To have hope for the future is a daily struggle in light of the violence and devastation we see our Earth being pummelled with... but again, it is by our own hand that all of this horror is occurring. So does reason not tell us that that which can be perpetrated by evil, can be undone by good? That which spawned hatred, can also spawn love? That which perpetrates war can also perpetrate peace?
The overriding fact regarding the solution to reversing all of the devastation we see on our planet today environmentally comes down to us making moral choices to reverse the damage done. The question is, is that even possible now? And if so, are we in time? Will the kneejerk reactions of human nature that govern emotion over reason and morality continue to stand in the way of us ever truly evolving to the kind of species we were meant to be?
For even though we have everything we need to feed all of our people, tend to all of our sick, and heal the hearts of all of our people, we chose to allow the resources that aid their sustanence to be manipulated by those with selfish motivations as the horror continues to intensify all around us. From the earliest spaces in time to present day, man has done the same in reaction to crises...taking resources by force by whatever means possible to exploit the poor, the weak, the sick, and all who are deemed unworthy of sharing in the beautiful bounties of this planet put here for all of us.
I say this century must see a new renaissance.
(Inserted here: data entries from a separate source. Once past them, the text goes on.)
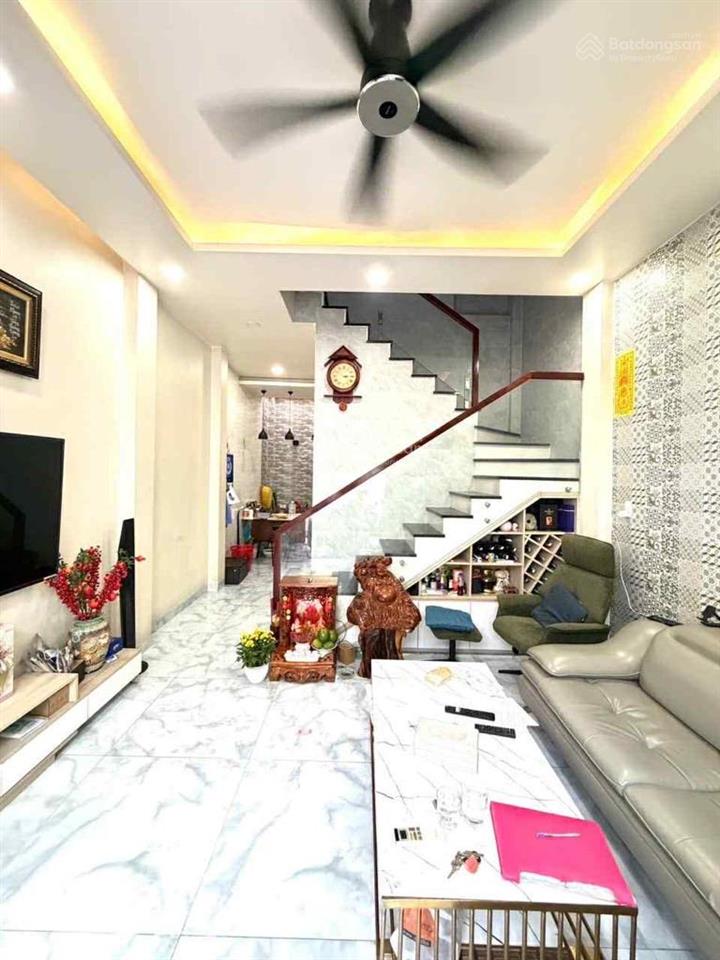 Nhà đẹp p.3 gò vấp giá tốt chốt nhanh khu vực trung tâm gò vấp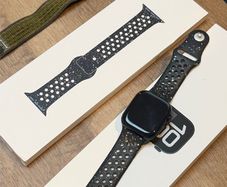 Apple Watch Series 10 42mm Jet Black Aluminum GPS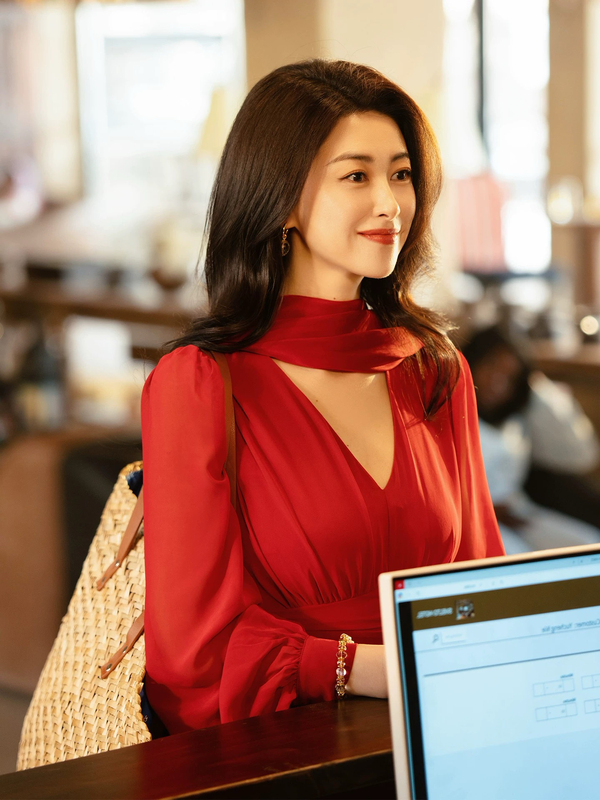 High-End Hepburn Retro Hong Kong Style Slimming and Elegant Red Dress, Autumn and Winter Long-Sleeve Base Holiday Chiffon Long Dress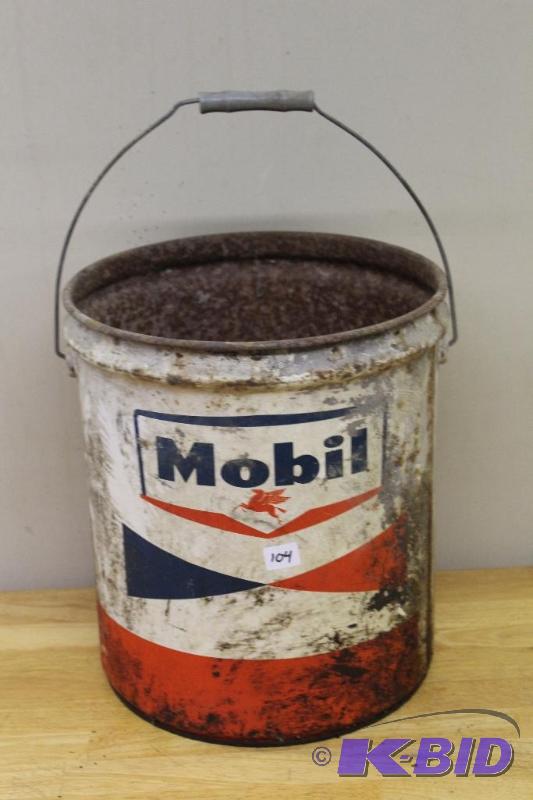 lot 104 image: Mobil&nbspVintage 5 Gallon Can, empty, origi...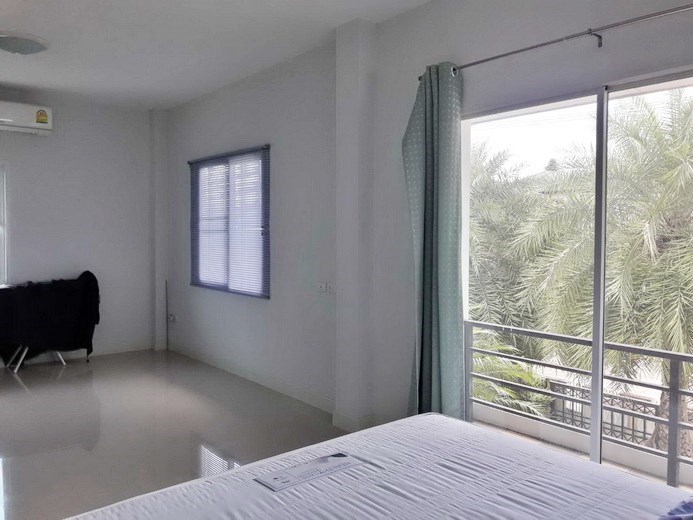 House for sale East Pattaya showing the master bedroom and balcony House for sale East Pattaya showing the master bedroom and balcony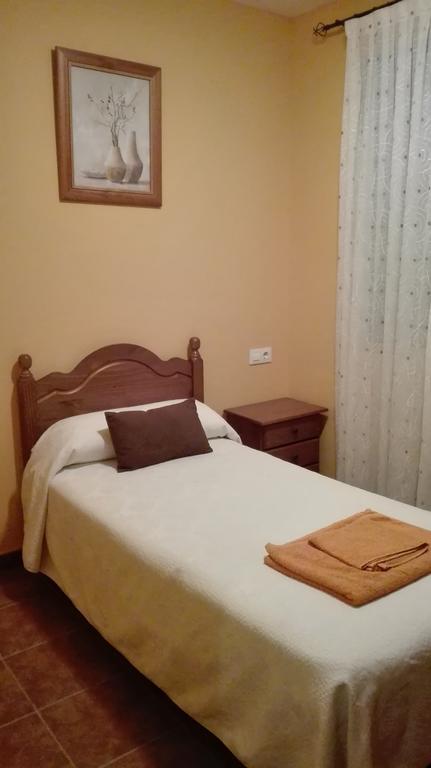 Готель Hostal La Aldaba Montearagon Екстер'єр фото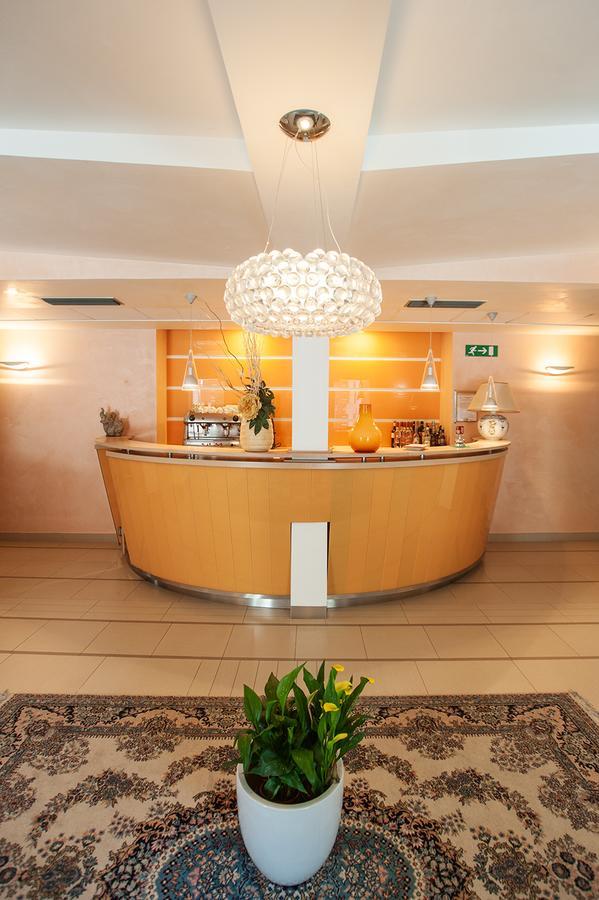 Hotel Riviera Silvi Marina Extérieur photo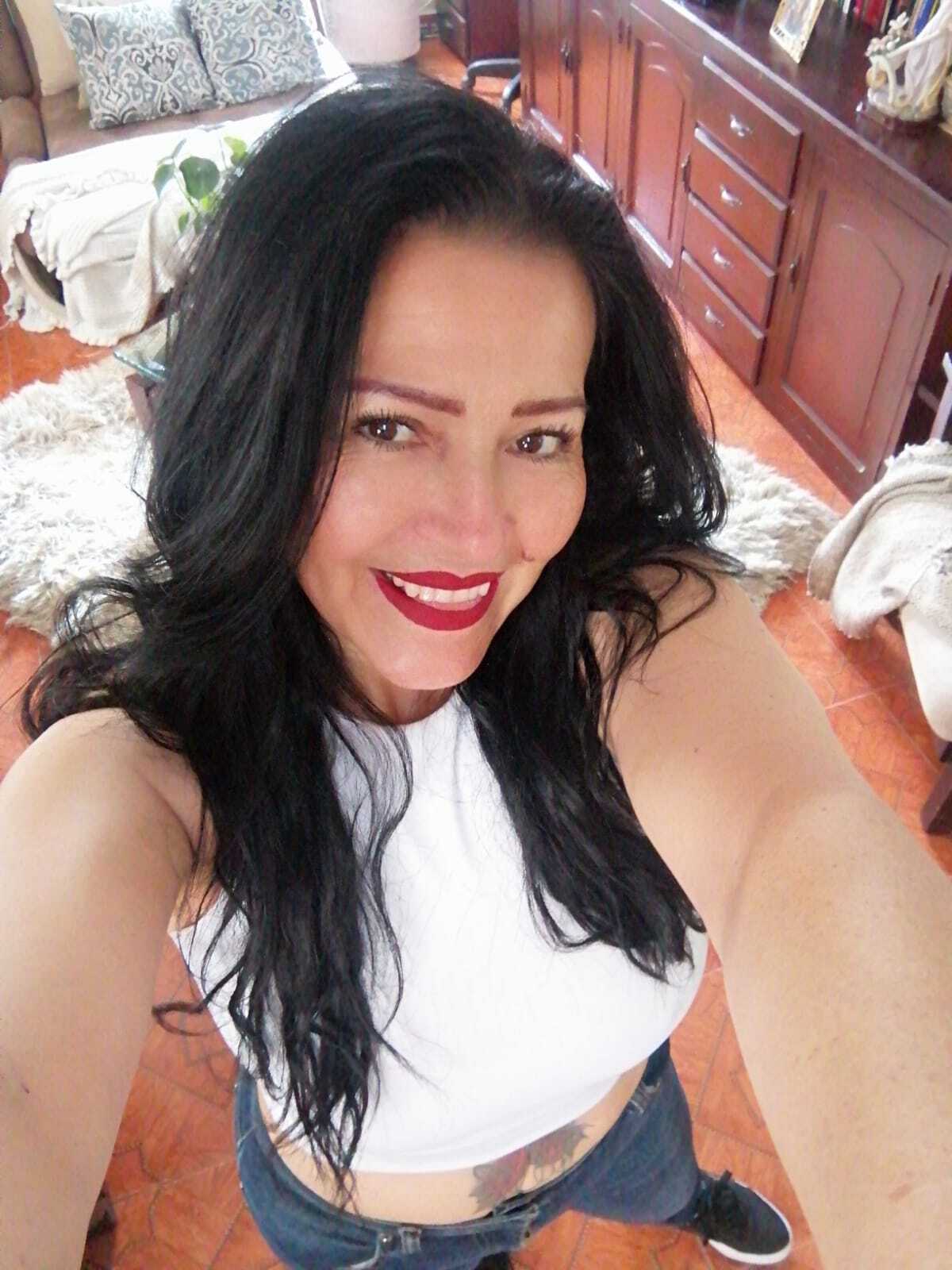 Live sex webcam photo for Sarahteikus #8068971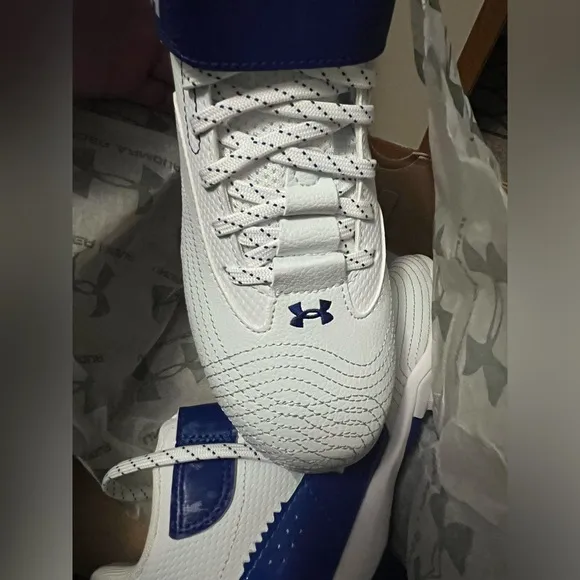 Under Armour Under Armour Men's Harper 7 Mid Rubber Molded Baseball Cleats Sz 3
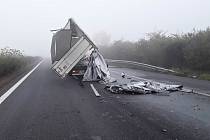 Nehoda tří kamionů na dálnici D8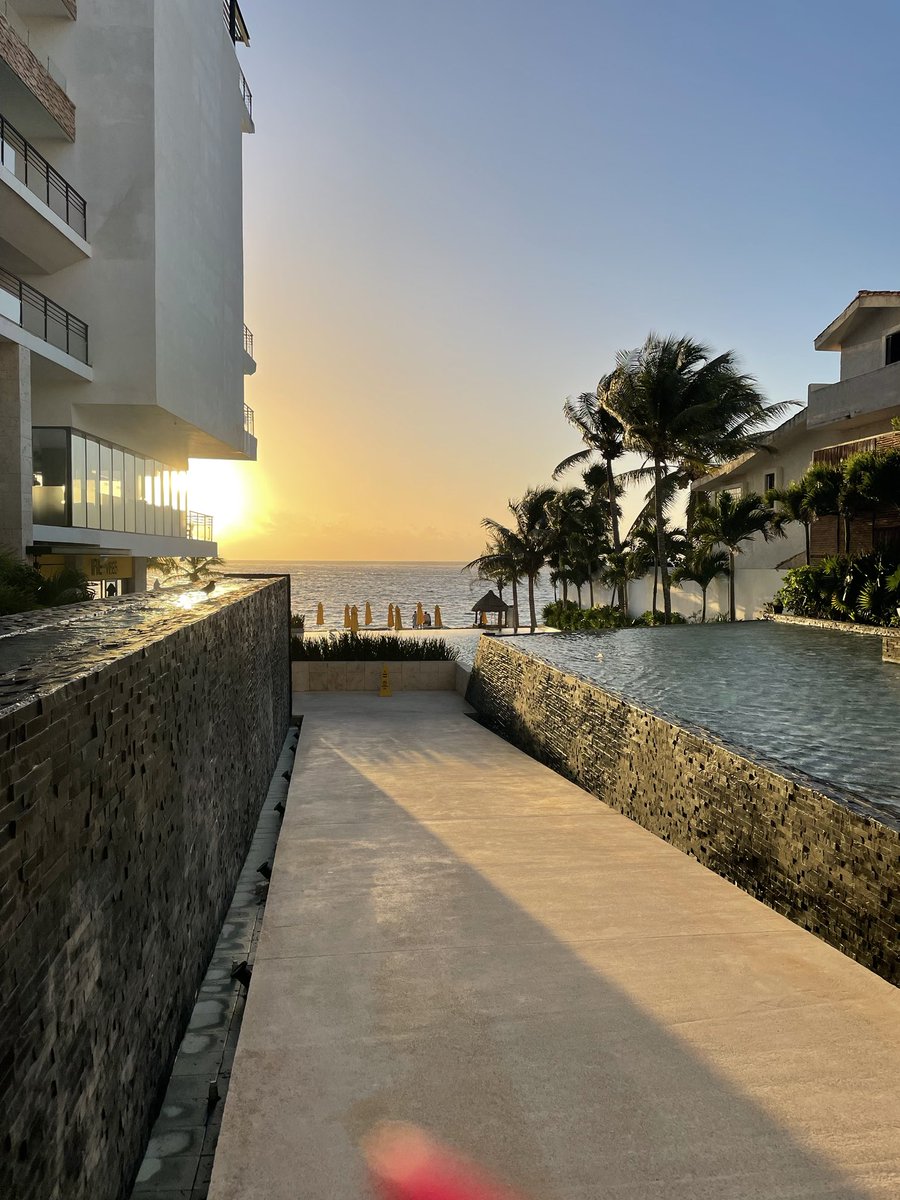 Calctronix's tweet photo. Bye paradise… https://t.co/SK7gVF3e20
A transformation and transcendence to a new level of thought, and a resolve and moral courage unseen in any times past. But is that moral courage lost on us? Are reports put out by organizations just pieces of paper with words on them? Are the images we see on our televisions just stimuli we use to pass the time?
We are now far beyond the self -refllection stage as this global crisis has been thrust upon us by our own indifference to seeing the big picture in lieu of believing that it will somehow just fix itself, or be fixed by those with only selfish motivations in their hearts we place our trust in through their own malicious manipulation of our beliefs.
Darfur is but one stark example of the spiral we are taking downward as a civilization as a result of that, and that should outrage all of us, but more importantly it should motivate us and challenge us to lift ourselves out of this descending spiral to that transformation.
This is why I place faith in Live Earth and support wholeheartdly the environmental endeavors of my environmental leader, Al Gore, and all of those on this planet sincerely working to see that renaissance. This is why I see it as more than just a concert, but an historical event of such proportions globally as to wake the populace up to that transcendence of thought to shake the very foundations of this status quo that has strangled all of the good out of this planet and replaced it with nothing but a dark void.
So as a citizen with the power of my voice and the strength of my character, I will see July 7th as the beginning of a new chapter for our world, because without the health and balance of this planet coming first and surpassing all other distractions, we will never see the balance of heart and mind that will be required of us now and of future generations to never ever allow another Darfur again.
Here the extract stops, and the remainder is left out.